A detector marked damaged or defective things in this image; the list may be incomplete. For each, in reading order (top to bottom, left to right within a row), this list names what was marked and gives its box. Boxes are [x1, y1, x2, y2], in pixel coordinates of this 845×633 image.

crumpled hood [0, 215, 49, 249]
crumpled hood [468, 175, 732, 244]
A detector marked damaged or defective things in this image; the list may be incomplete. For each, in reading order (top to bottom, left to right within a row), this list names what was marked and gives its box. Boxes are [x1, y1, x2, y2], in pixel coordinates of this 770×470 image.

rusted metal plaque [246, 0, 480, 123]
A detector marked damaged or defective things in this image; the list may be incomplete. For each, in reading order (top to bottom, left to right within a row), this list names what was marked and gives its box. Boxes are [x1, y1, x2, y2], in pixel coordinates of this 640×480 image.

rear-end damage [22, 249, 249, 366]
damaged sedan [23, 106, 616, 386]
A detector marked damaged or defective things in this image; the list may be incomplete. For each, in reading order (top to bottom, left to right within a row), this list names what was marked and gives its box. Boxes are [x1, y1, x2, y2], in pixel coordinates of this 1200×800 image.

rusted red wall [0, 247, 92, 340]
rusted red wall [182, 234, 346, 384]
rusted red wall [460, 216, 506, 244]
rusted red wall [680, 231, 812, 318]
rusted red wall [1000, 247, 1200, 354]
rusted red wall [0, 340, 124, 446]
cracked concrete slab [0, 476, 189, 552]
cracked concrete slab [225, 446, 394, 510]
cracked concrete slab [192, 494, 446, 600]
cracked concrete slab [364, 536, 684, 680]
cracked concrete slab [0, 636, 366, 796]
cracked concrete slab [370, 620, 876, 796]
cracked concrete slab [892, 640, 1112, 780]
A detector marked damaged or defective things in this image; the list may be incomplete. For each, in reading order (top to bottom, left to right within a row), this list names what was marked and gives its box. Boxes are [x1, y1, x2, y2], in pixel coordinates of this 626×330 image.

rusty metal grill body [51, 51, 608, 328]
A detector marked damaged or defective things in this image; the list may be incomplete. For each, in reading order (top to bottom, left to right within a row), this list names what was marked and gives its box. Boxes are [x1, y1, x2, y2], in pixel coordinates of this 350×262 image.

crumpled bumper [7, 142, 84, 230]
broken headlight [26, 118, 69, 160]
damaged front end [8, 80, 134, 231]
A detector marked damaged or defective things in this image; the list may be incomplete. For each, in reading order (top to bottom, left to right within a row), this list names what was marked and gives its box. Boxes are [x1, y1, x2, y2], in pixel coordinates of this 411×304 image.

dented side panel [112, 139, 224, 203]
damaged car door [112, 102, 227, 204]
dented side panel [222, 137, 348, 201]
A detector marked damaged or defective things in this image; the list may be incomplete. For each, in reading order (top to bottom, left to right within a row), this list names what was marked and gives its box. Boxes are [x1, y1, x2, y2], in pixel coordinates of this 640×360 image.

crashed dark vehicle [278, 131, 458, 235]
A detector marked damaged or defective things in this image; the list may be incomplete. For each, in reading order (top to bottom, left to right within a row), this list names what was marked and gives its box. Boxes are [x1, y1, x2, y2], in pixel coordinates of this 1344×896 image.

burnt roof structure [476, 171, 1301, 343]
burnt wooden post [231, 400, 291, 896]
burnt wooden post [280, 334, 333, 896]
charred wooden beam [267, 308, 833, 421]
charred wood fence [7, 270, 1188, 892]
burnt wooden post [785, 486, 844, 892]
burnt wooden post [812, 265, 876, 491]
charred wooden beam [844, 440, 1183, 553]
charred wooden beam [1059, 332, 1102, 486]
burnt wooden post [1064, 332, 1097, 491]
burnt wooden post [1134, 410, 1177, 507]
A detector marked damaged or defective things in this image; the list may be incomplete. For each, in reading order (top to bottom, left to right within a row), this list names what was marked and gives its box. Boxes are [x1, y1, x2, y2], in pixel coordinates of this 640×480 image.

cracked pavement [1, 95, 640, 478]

====================

EXERCISE DETAILS | Write out the data again in full. Match it exactly.

OUTPUT OF THE EXERCISE |
A detector marked damaged or defective things in this image; the list may be incomplete. For each, in reading order (top to bottom, left to right within a row), this list names what was marked and gives its box. Boxes are [x1, y1, x2, y2], in pixel coordinates of this 845×633 image.

crumpled hood [0, 215, 49, 249]
crumpled hood [468, 175, 732, 244]
A detector marked damaged or defective things in this image; the list may be incomplete. For each, in reading order (top to bottom, left to right within a row), this list names what was marked and gives its box. Boxes are [x1, y1, x2, y2], in pixel coordinates of this 770×470 image.

rusted metal plaque [246, 0, 480, 123]
A detector marked damaged or defective things in this image; the list may be incomplete. For each, in reading order (top to bottom, left to right within a row), this list names what was marked and gives its box. Boxes are [x1, y1, x2, y2], in pixel coordinates of this 640×480 image.

rear-end damage [22, 249, 249, 366]
damaged sedan [23, 106, 616, 386]
A detector marked damaged or defective things in this image; the list may be incomplete. For each, in reading order (top to bottom, left to right within a row), this list names what was marked and gives its box. Boxes are [x1, y1, x2, y2], in pixel coordinates of this 1200×800 image.

rusted red wall [0, 247, 92, 340]
rusted red wall [182, 234, 346, 384]
rusted red wall [460, 216, 506, 244]
rusted red wall [680, 231, 812, 318]
rusted red wall [1000, 247, 1200, 354]
rusted red wall [0, 340, 124, 446]
cracked concrete slab [0, 476, 189, 552]
cracked concrete slab [225, 446, 394, 510]
cracked concrete slab [192, 494, 446, 600]
cracked concrete slab [364, 536, 684, 680]
cracked concrete slab [0, 636, 366, 796]
cracked concrete slab [370, 620, 876, 796]
cracked concrete slab [892, 640, 1112, 780]
A detector marked damaged or defective things in this image; the list may be incomplete. For each, in reading order (top to bottom, left to right within a row), this list names what was marked and gives its box. Boxes are [x1, y1, x2, y2], in pixel coordinates of this 626×330 image.

rusty metal grill body [51, 51, 608, 328]
A detector marked damaged or defective things in this image; the list may be incomplete. For each, in reading order (top to bottom, left to right within a row), this list names what was marked and gives its box. Boxes are [x1, y1, x2, y2], in pixel coordinates of this 350×262 image.

crumpled bumper [7, 142, 84, 230]
broken headlight [26, 118, 69, 160]
damaged front end [8, 80, 134, 231]
A detector marked damaged or defective things in this image; the list may be incomplete. For each, in reading order (top to bottom, left to right within a row), this list names what was marked and gives its box. Boxes are [x1, y1, x2, y2], in pixel coordinates of this 411×304 image.

dented side panel [112, 139, 224, 203]
damaged car door [112, 102, 227, 204]
dented side panel [222, 137, 348, 201]
A detector marked damaged or defective things in this image; the list may be incomplete. For each, in reading order (top to bottom, left to right within a row), this list names what was marked and gives its box. Boxes are [x1, y1, x2, y2], in pixel coordinates of this 640×360 image.

crashed dark vehicle [278, 131, 458, 235]
A detector marked damaged or defective things in this image; the list may be incomplete. For each, in reading order (top to bottom, left to right within a row), this list names what was marked and gives its box. Boxes are [x1, y1, x2, y2], in pixel coordinates of this 1344×896 image.

burnt roof structure [476, 171, 1301, 343]
burnt wooden post [231, 400, 291, 896]
burnt wooden post [280, 334, 333, 896]
charred wooden beam [267, 308, 833, 421]
charred wood fence [7, 270, 1188, 892]
burnt wooden post [785, 486, 844, 892]
burnt wooden post [812, 265, 876, 491]
charred wooden beam [844, 440, 1183, 553]
charred wooden beam [1059, 332, 1102, 486]
burnt wooden post [1064, 332, 1097, 491]
burnt wooden post [1134, 410, 1177, 507]
A detector marked damaged or defective things in this image; the list may be incomplete. For each, in reading order (top to bottom, left to right within a row), this list names what was marked and gives its box. Boxes are [x1, y1, x2, y2], in pixel coordinates of this 640×480 image.

cracked pavement [1, 95, 640, 478]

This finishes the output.